• EXERCISE DATA:
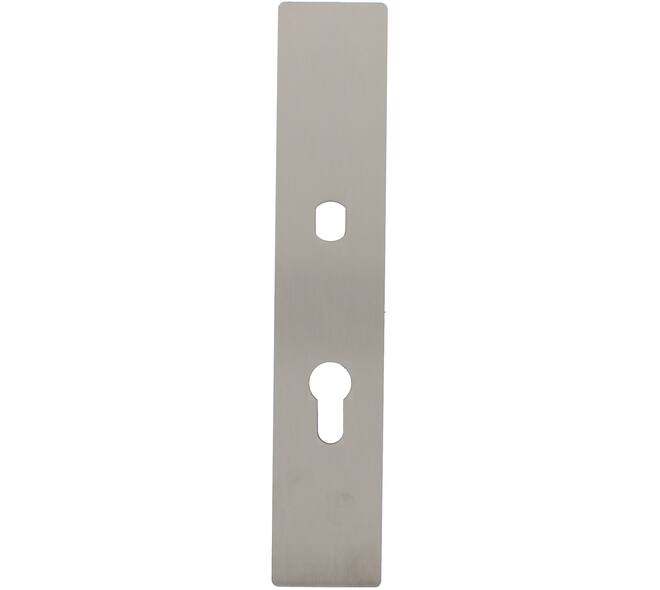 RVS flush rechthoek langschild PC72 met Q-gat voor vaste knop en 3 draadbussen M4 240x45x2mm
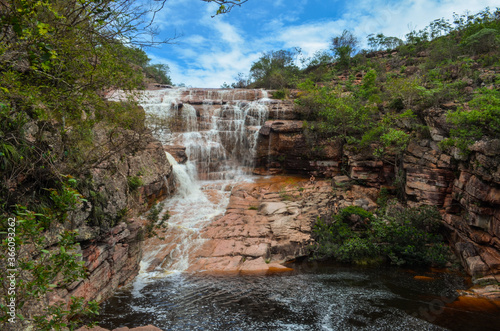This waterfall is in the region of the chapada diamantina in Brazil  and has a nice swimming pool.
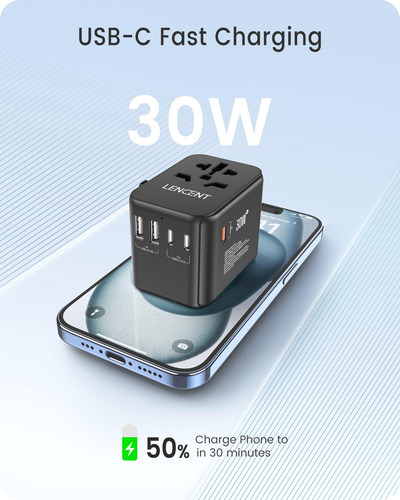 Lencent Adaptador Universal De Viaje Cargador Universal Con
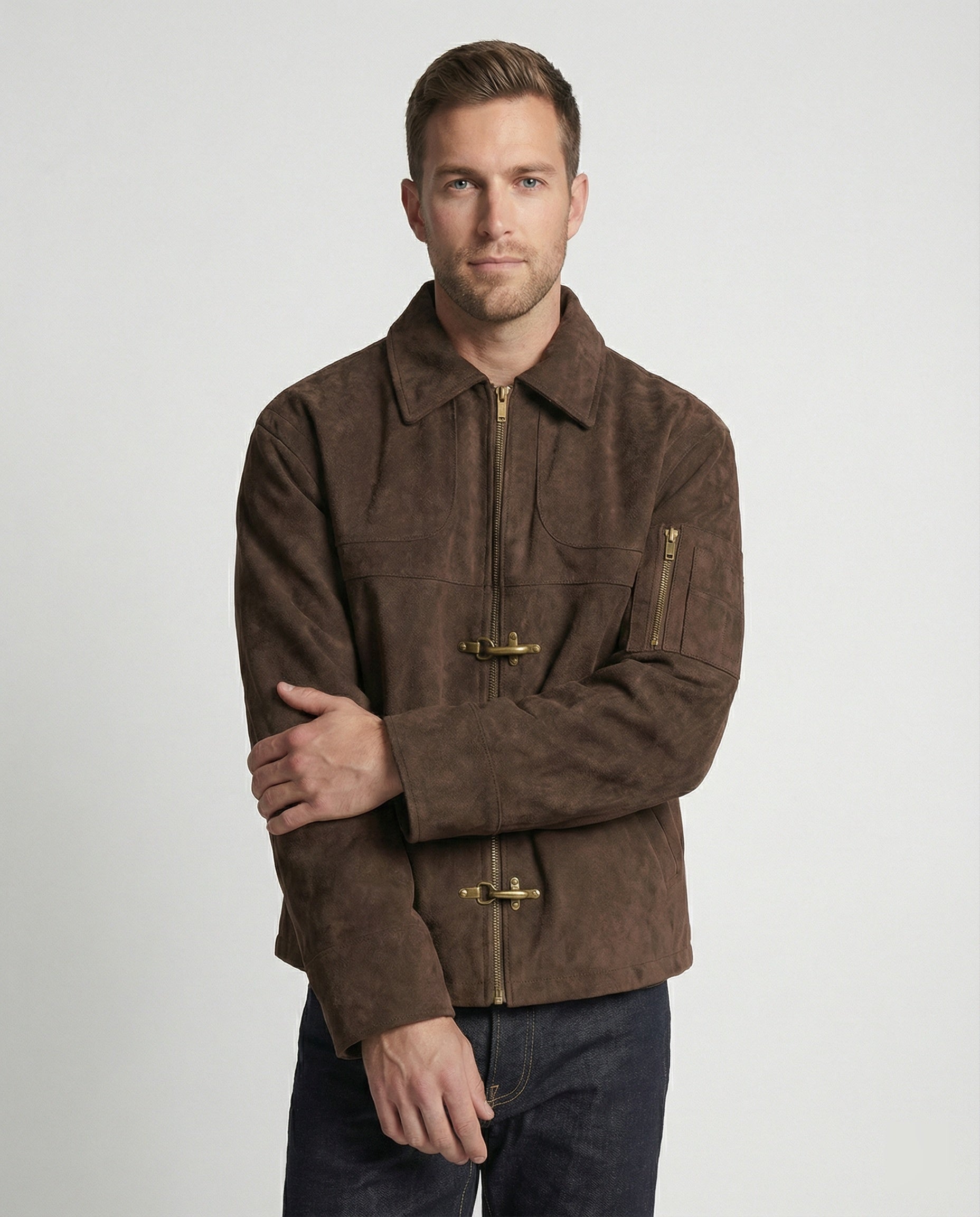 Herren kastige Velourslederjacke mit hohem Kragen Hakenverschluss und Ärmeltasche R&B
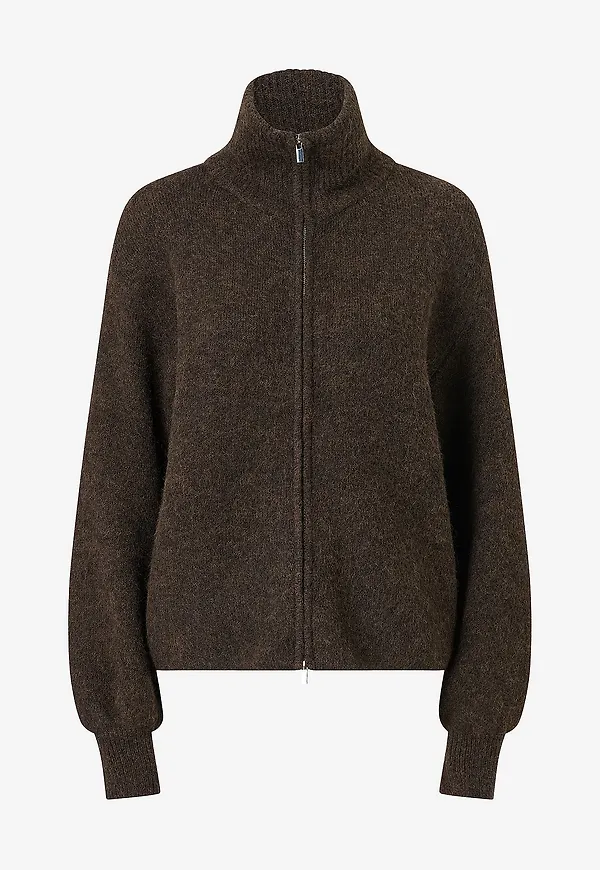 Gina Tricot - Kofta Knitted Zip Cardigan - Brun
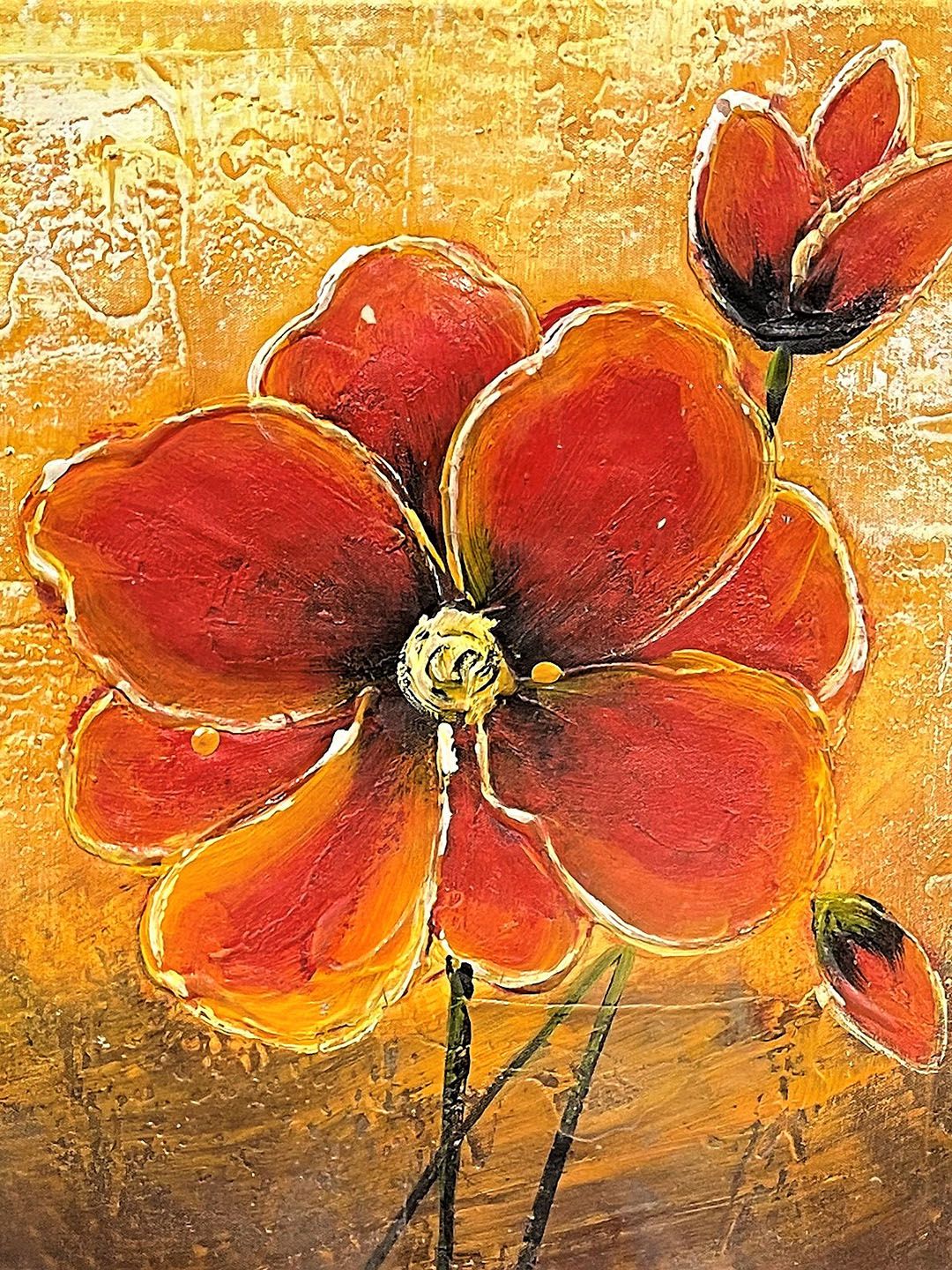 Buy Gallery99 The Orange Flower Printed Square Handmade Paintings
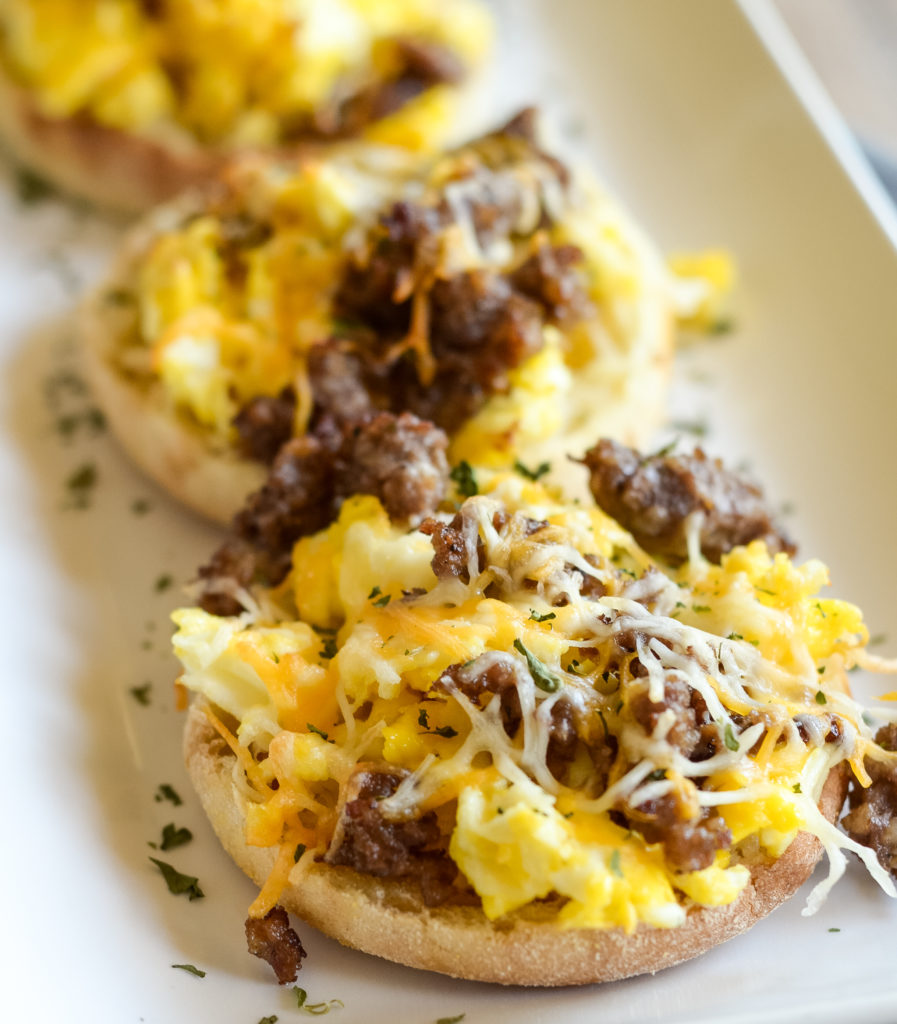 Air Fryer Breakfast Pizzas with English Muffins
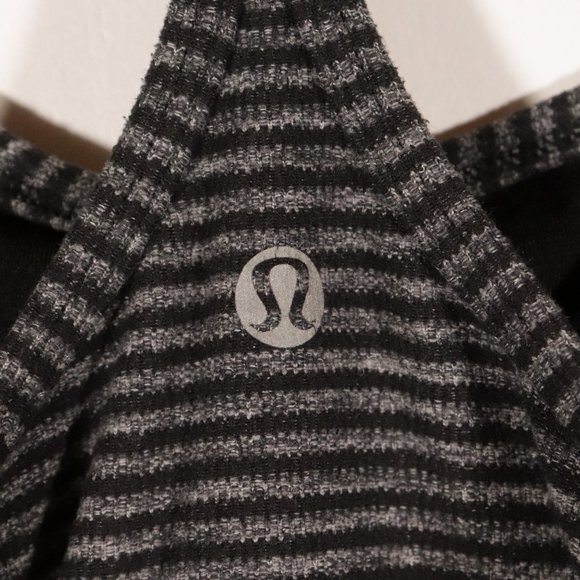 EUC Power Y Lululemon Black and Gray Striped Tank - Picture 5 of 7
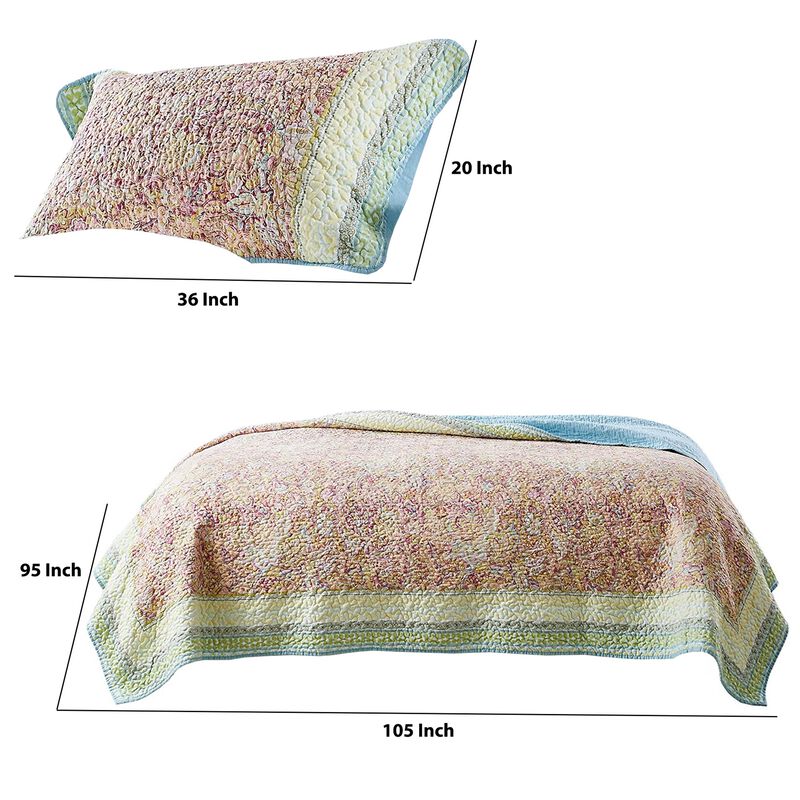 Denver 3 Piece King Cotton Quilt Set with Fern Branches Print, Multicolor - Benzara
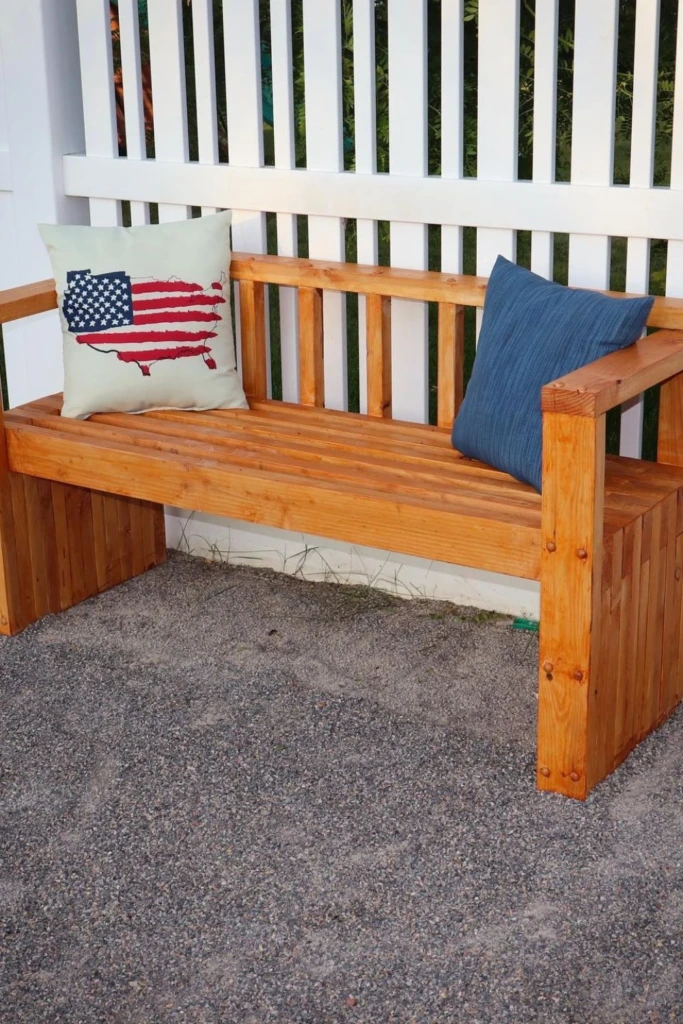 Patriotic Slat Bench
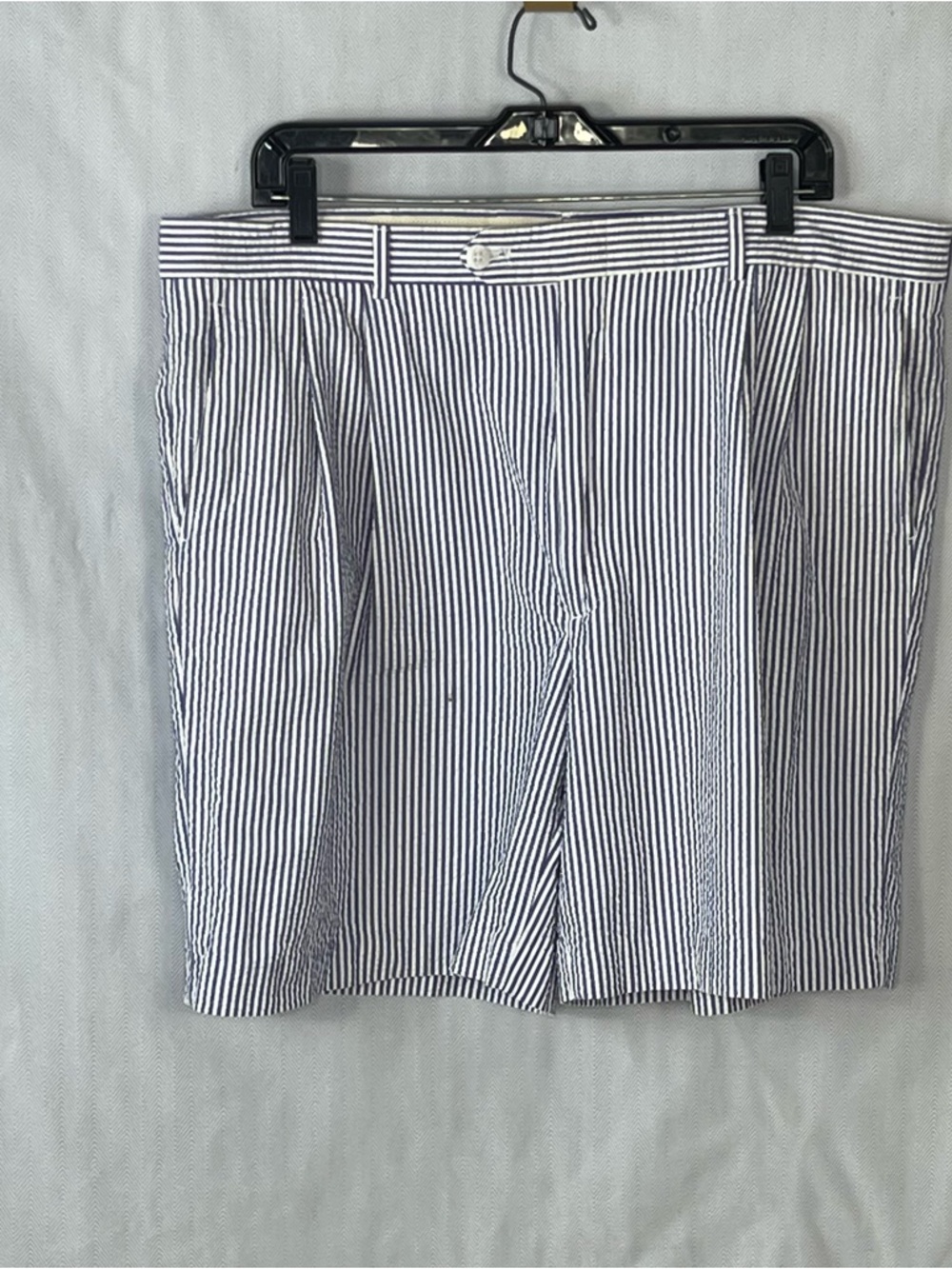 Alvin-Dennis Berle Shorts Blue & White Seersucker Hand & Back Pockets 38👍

• TASK PROMPT: Make an exact copy of the records above, one that has none of the pictures.

• ANSWER AREA:
 RVS flush rechthoek langschild PC72 met Q-gat voor vaste knop en 3 draadbussen M4 240x45x2mm
This waterfall is in the region of the chapada diamantina in Brazil  and has a nice swimming pool.
 Lencent Adaptador Universal De Viaje Cargador Universal Con
 Herren kastige Velourslederjacke mit hohem Kragen Hakenverschluss und Ärmeltasche R&B
 Gina Tricot - Kofta Knitted Zip Cardigan - Brun
 Buy Gallery99 The Orange Flower Printed Square Handmade Paintings
 Air Fryer Breakfast Pizzas with English Muffins
 EUC Power Y Lululemon Black and Gray Striped Tank - Picture 5 of 7
 Denver 3 Piece King Cotton Quilt Set with Fern Branches Print, Multicolor - Benzara
 Patriotic Slat Bench
 Alvin-Dennis Berle Shorts Blue & White Seersucker Hand & Back Pockets 38👍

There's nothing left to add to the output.